┌────────

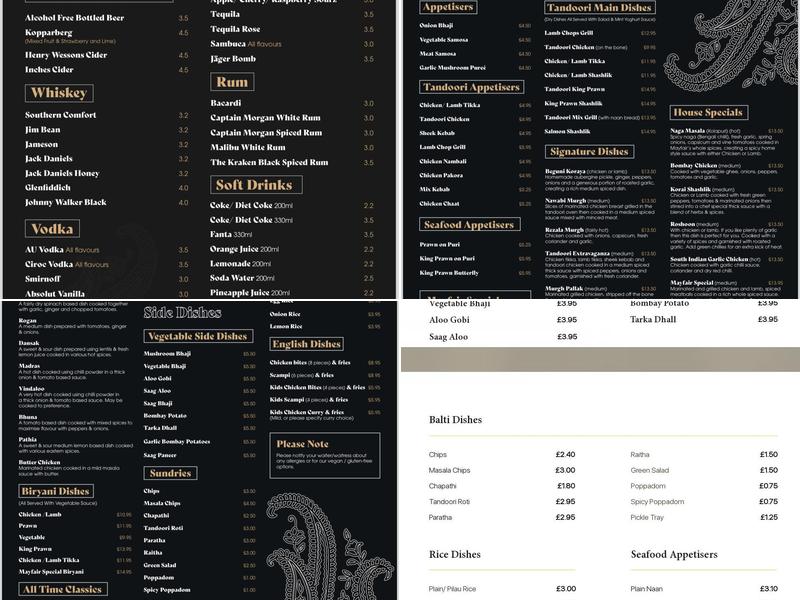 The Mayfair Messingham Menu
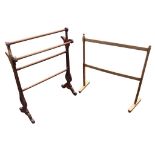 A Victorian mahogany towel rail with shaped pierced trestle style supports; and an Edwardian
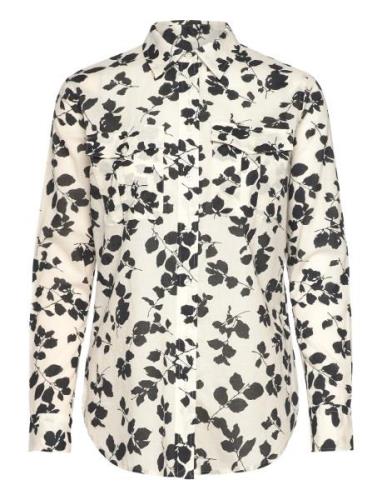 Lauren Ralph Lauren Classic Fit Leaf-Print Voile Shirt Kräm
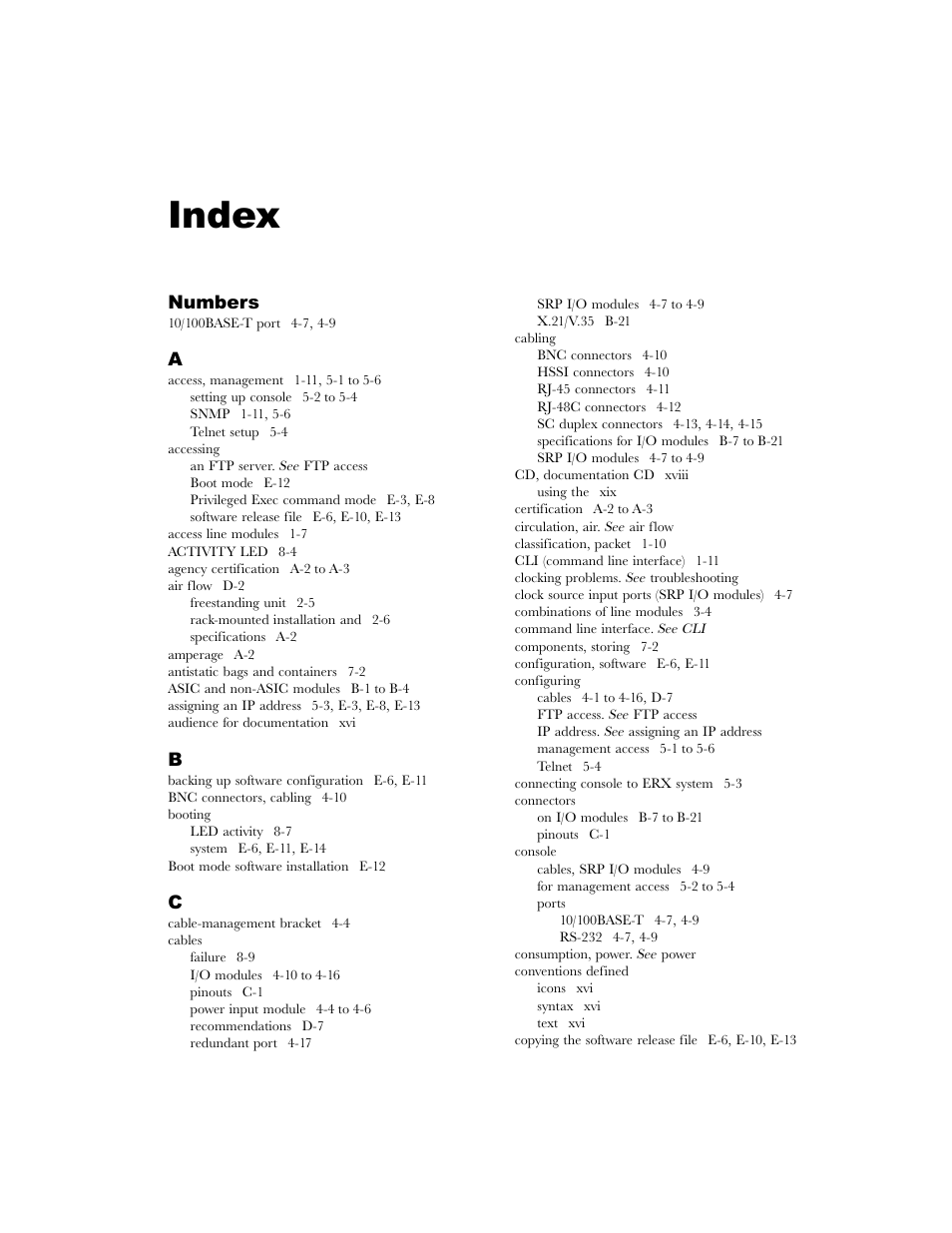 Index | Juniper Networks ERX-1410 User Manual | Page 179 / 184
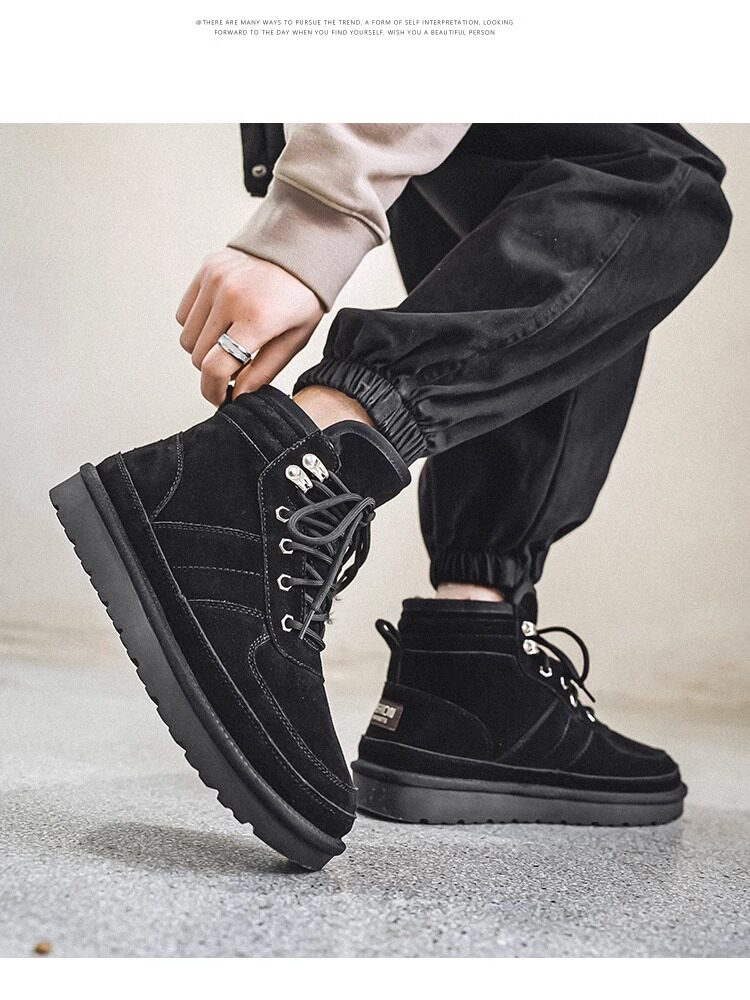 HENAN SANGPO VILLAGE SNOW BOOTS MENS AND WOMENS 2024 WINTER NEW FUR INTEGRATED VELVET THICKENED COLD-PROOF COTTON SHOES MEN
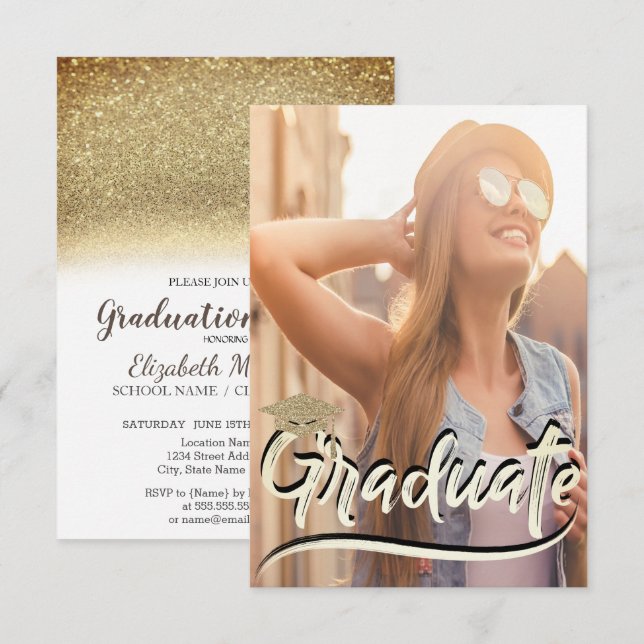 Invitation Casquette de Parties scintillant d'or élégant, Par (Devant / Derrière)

└────────

### EXERCISE OBJECTIVE
Set down exactly, with no additions, each line from the line that includes "Lauren Ralph Lauren" to the final line of the entries above; leave pictures out.

### ANSWER BELOW
 Lauren Ralph Lauren Classic Fit Leaf-Print Voile Shirt Kräm
 Index | Juniper Networks ERX-1410 User Manual | Page 179 / 184
 HENAN SANGPO VILLAGE SNOW BOOTS MENS AND WOMENS 2024 WINTER NEW FUR INTEGRATED VELVET THICKENED COLD-PROOF COTTON SHOES MEN
 Invitation Casquette de Parties scintillant d'or élégant, Par (Devant / Derrière)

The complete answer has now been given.